Talvez por isso, não consigo descobrir grandes diferenças entre os chats e os engates num banheiro público. Sei que os primeiros permitem conhecer pessoas, conversar previamente com elas e abrem um mundo de possibilidades que antes não existiam, mas também estão cheios de armadilhas. Além de que, dá-me a impressão, é tudo muito vapt-vupt para o meu gosto: passivo ou activo? Que idade? Onde? Como? Quando? Com a vantagem, claro está, de se poder abrir uma webcam e mostrar o produto em primeira-mão. Agrada? Não agrada? Tudo muito cru. Tudo muito preto no branco. Deve ser do melhor para quem não quer perder tempo e quer mesmo é ir directo ao ponto. Haja, no entanto, auto-estima à prova de balas, porque o nível de rejeição deve ser uma coisa de doidos. Nada, todavia, que uma couraça em lugar de pele não resolva.

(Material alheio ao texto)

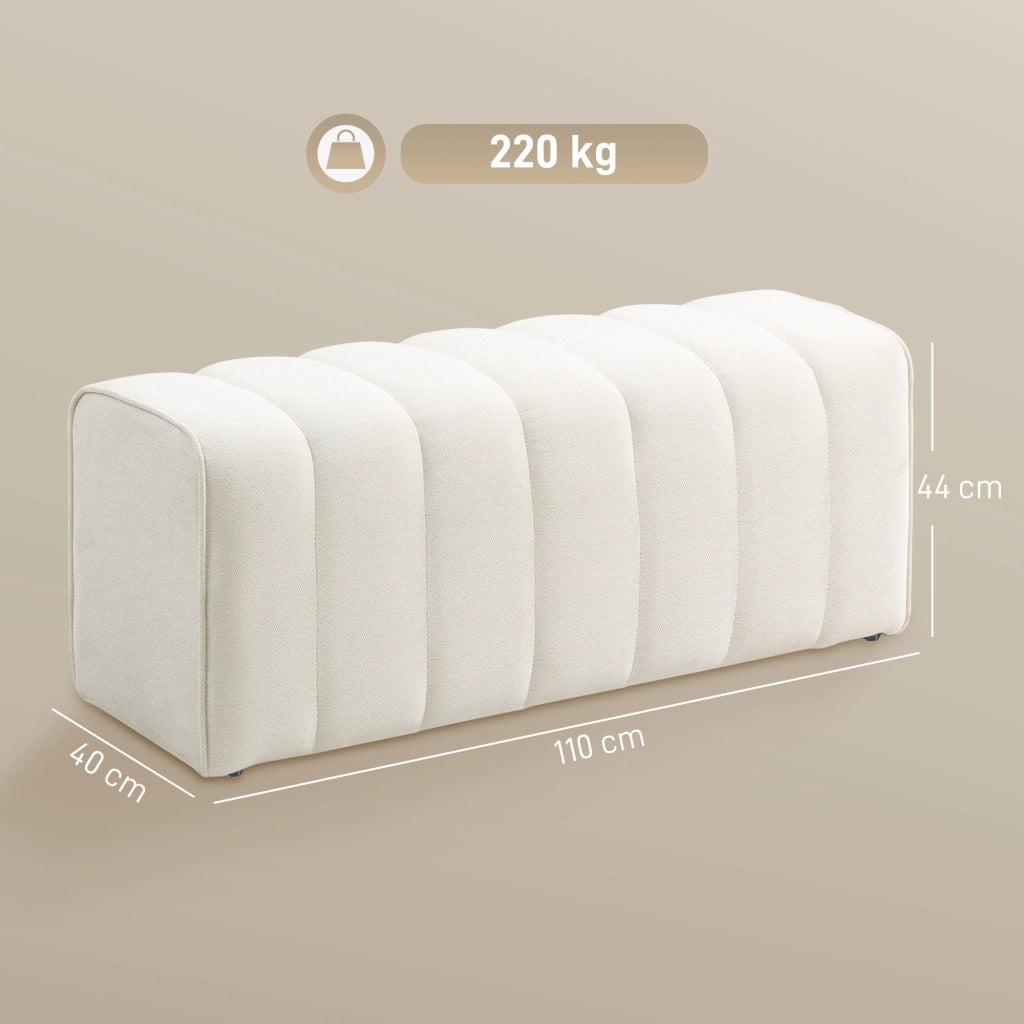 Pouf imbottito per letto ¨C zephmum ¨C crema 110x40x44 cm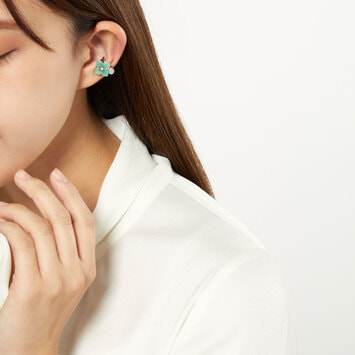 アマゾナイト フラワー イヤーカフ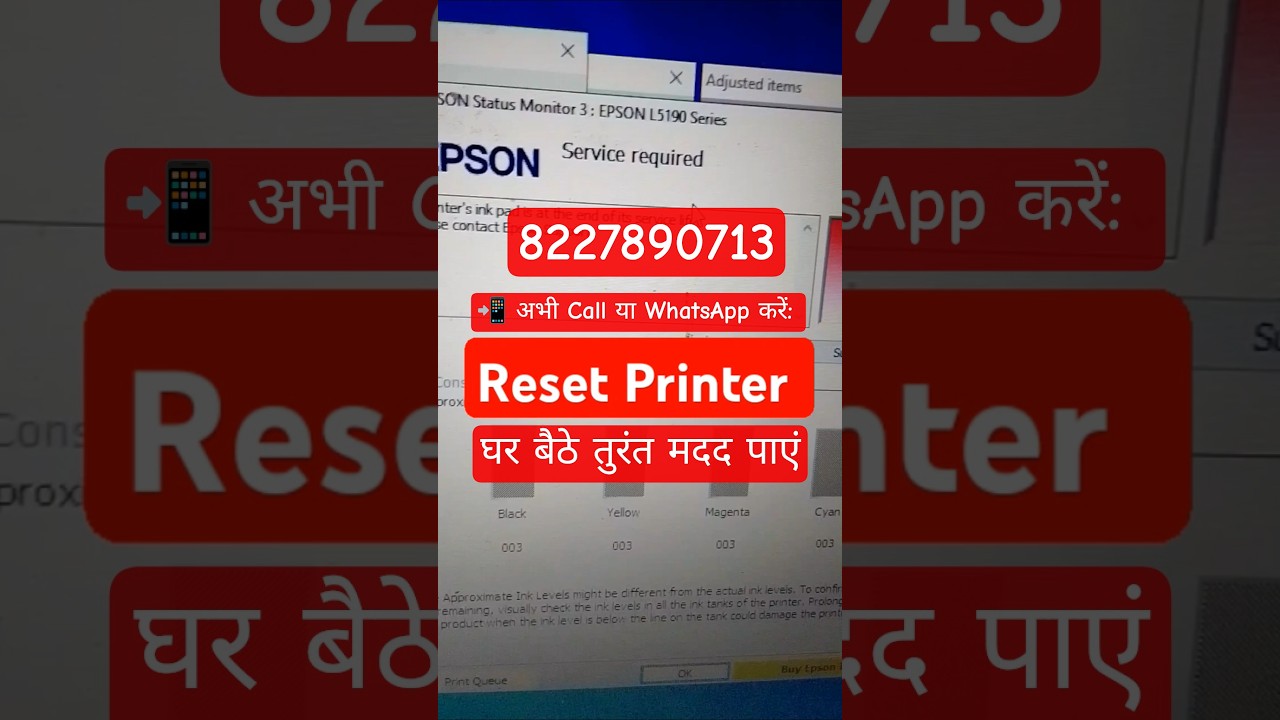 The ink pad needs service contact Epson || E11 e-11 error Epson #shortsfeed #shortsvideo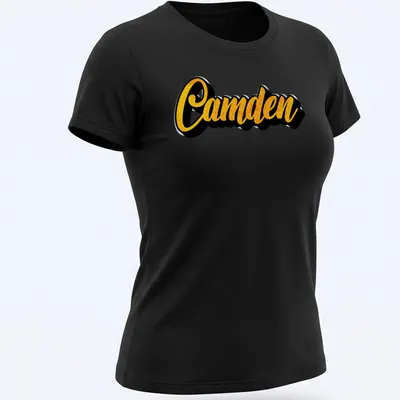Bold yellow printed name 'Camden' on a black custom — printed on a women's shirt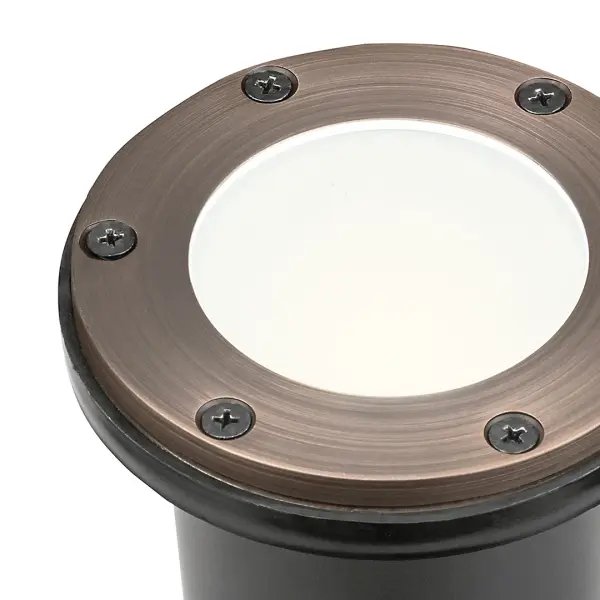 This compact in-ground accent light features solid brass construction with a Centennial Brass finish. Designed for wet locations, it provides reliable 12V landscape illumination for pathways, gardens, and architectural features. - alternate view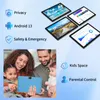 A family is looking at a tablet, with marketing text and images of other tablets in the background. Produktbild-Vorschau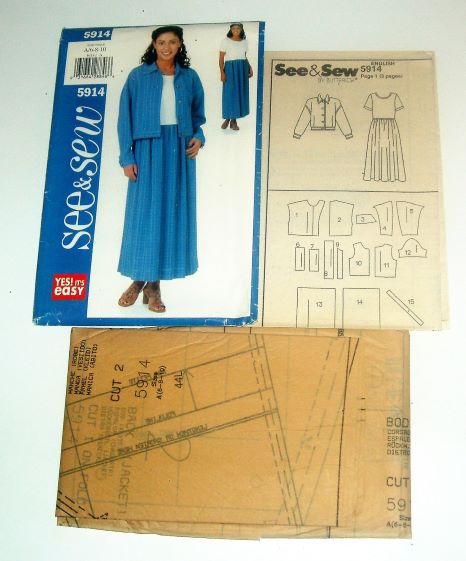 Easy See & Sew Butterick 5914 Sewing Pattern Misses Dress & Jacket Sizes 6–10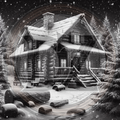 Log cabin in a snowy forest with a car parked outside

Chamem-me os nomes que quiserem, mas não me apetece sujeitar-me ao escrutínio de eventuais compradores. Sim, porque para mim, mostrar-me por fragmentos numa webcam, com especial enfoque nos pontos que sabemos, não deve ser muito diferente do que se fazia antes nos mercados de gado com as bestas ou nos mercados de escravos com os machos reprodutores. Sei que estou a ser duro, e sujeito-me por isso às vossas críticas e reparos, mas estaria a ser hipócrita se dissesse que penso o contrário.

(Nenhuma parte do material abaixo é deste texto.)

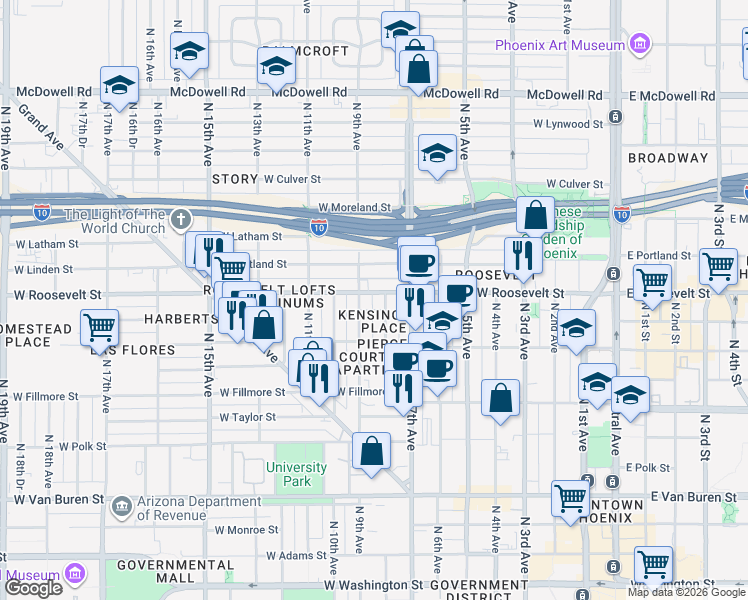 map of restaurants, bars, coffee shops, grocery stores, and more near 814 West Roosevelt Street in Phoenix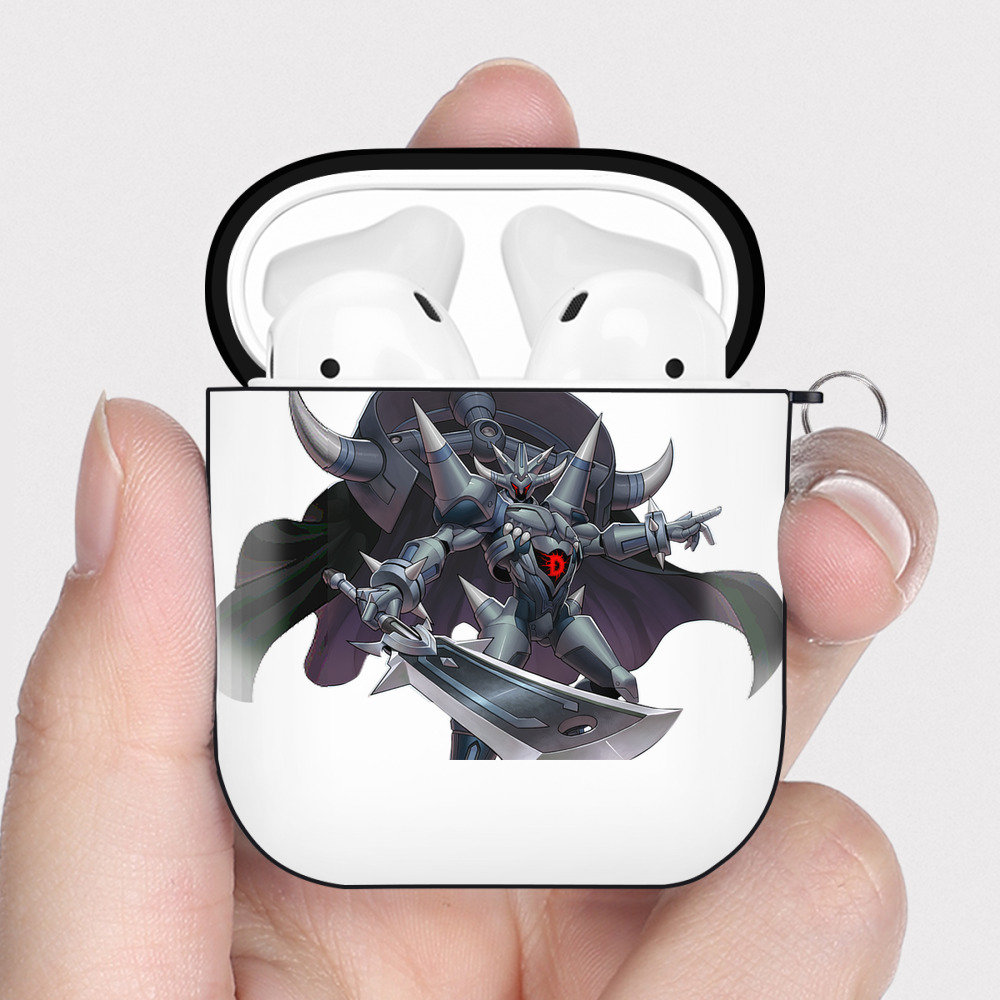 （画像用） 遊☆戯☆王 Yu-Gi-Oh! AirPods 第2世代保護ケース ハードシェル ブラック 耐衝撃・防指紋・カラビナ付き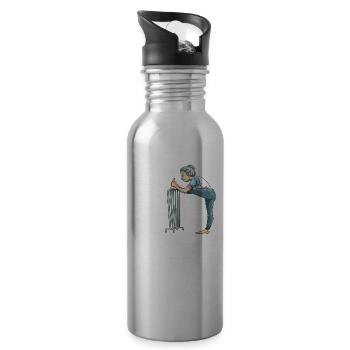 Fit im Alter für die Oma und Großmutter - Trinkflasche mit integriertem Trinkhalm - Lightsilver - Rechts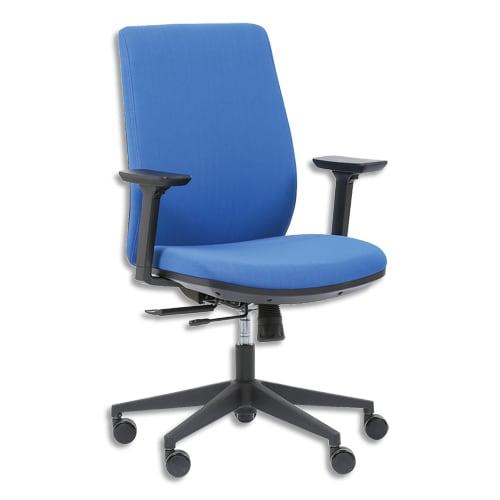 Fauteuil sherman dossier et assise en tissu bleu, à mécanisme synchrone, accoudoirs réglables fournis_0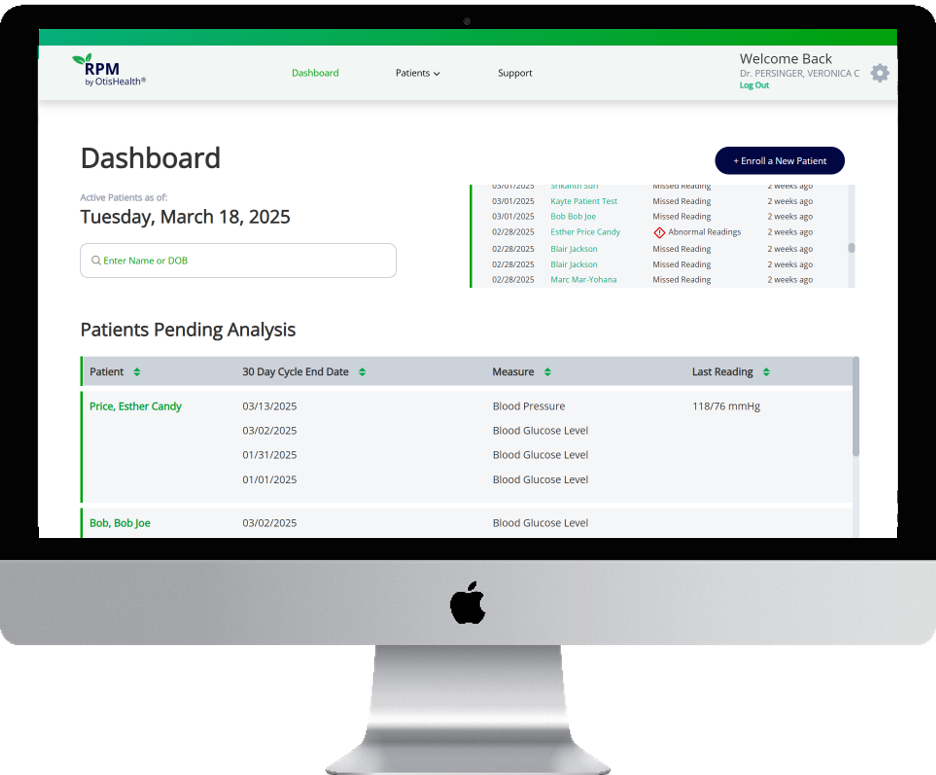 RPM by OtisHealth Provider Portal Dashboard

Se calhar, admito, eu sou um gajo demasiado antiquado. Pois que seja, mas para mim ainda prefiro um engate não virtual, com pessoas de carne e osso à minha frente, a quem possa ouvir a voz, sentir a respiração, sentir o cheiro e olhar nos olhos. Alguém, por mais passageiro que seja na minha vida e eu na dele, que me avalie como um todo e não apenas em função dos bíceps ou do tamanho do pau. E se isso implicar ficar, literalmente, na mão por mais uns tempos, tanto pior, mas ainda não estou a ponto de abdicar de certos princípios. Prazer não é tudo. Não para mim, pelo menos.

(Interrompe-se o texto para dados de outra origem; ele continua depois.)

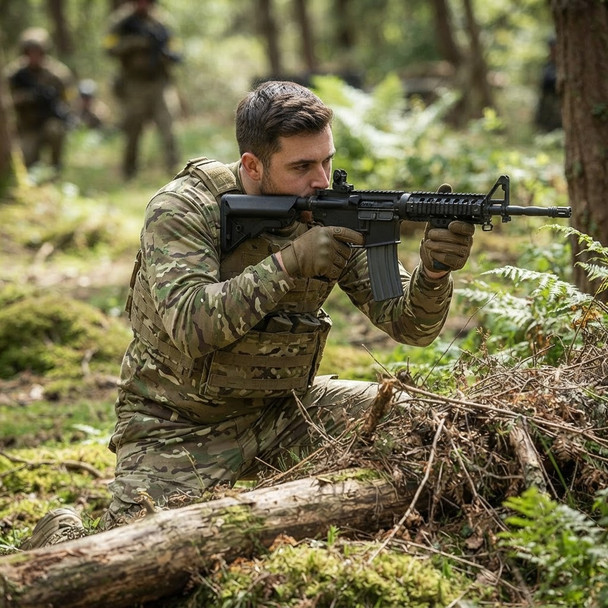 A soldier in the field wearing the Kombat UK - Long Sleeved T-Shirt in BTP (British Terrain Pattern) Camouflage.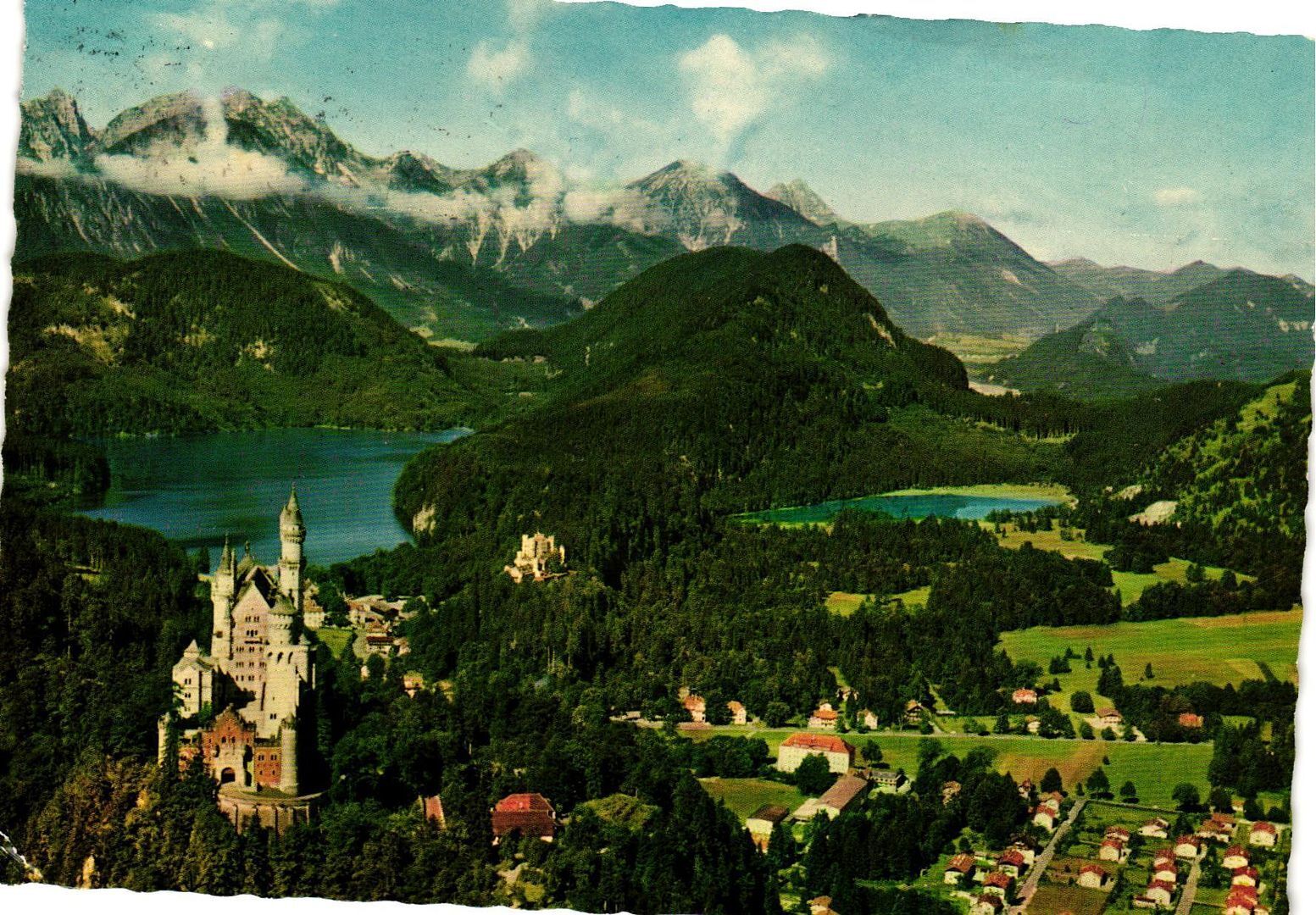 Vintage Postcard 4x6- Castle, Mountains, Alps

Tenham um bom fim-de-semana, que eu também vou fazer por isso!

11 comentários:

Will disse...

Caro Oz:

Não posso deixar de sorrir quando leio os teus posts... recordam-me sempre os meus primeiros passos.

Já me coloquei todas as questões que aqui levantas. Também sou muito receoso mas talvez por ter vivido até aos 22 anos com receio e ver que outras pessoas da minha idade viviam a sua sexualidade com naturalidade a determinada altura respirei fundo e experimentei algumas coisas de tudo o que se falava.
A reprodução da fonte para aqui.